Mandatory Annual Compliance for Private Limited Companies in India
Private Limited Companies are plenty in India. It is a company that is privately owned by small businesses. The rules and regulations followed by private companies are a bit different than those of other firms. The liability of the members of the company is limited to the shares held by them. The most important point is that the shares of private limited companies cannot be traded publicly.
If you are interested in starting a private company, the process is pretty simple. There should be a minimum of 2 people and a maximum of 200 people to run a company. This is according to the provision of the Companies Act, 2013.
Even with the number of members, the liability of the members is limited, which means that even if the company faces severe loss, the shareholders are liable to sell their assets for payment. Along with this, even in the case of the death of a member, insolvency, or bankruptcy, the company continues to exist in the eyes of the law. A private limited company also mandatorily requires 2 directors to initiate the operations. To make it easy, every private company will have the word Private Limited after its official name.
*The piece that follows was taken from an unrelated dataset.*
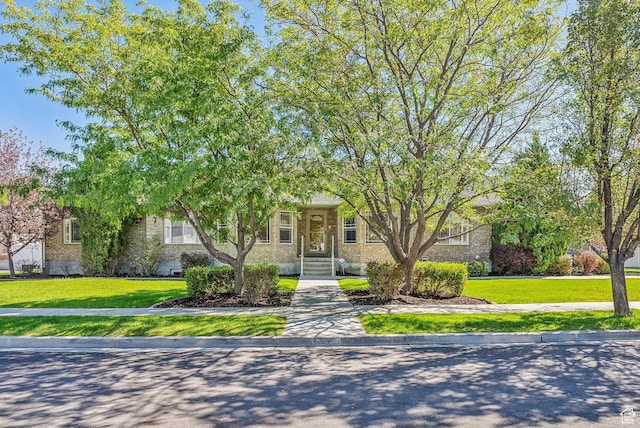 12159 S Swensen Cir, Riverton, UT 84096 - obstructed view of property featuring a front lawn and brick siding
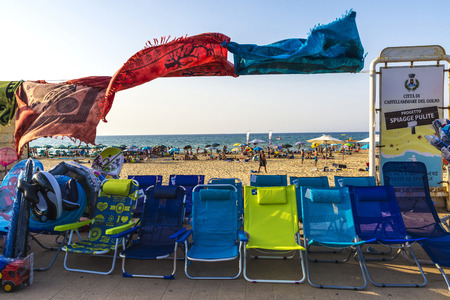 Castellammare del Golfo, Italy - August 6, 2017: Objects of all kinds in a souvenir shop highlighting hammocks in a flea market on a beach of Castellammare del Golfo in Sicily, Italyのeditorial素材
Important Compliance Requirements for a Private Limited Company
There are several advantages of a private company. Even with that, companies have to carefully maintain the rules and act according to the law. The management and operational capacity of a private company are decided in terms of its members. Decision-making is always a tricky part in public companies, whereas it is much less in a private company as the shareholders are fewer in number.
Once a private limited company is registered, the firm must comply with the rules and regulations of the country. Here, let us look at the mandatory annual compliance that is expected from a private limited company.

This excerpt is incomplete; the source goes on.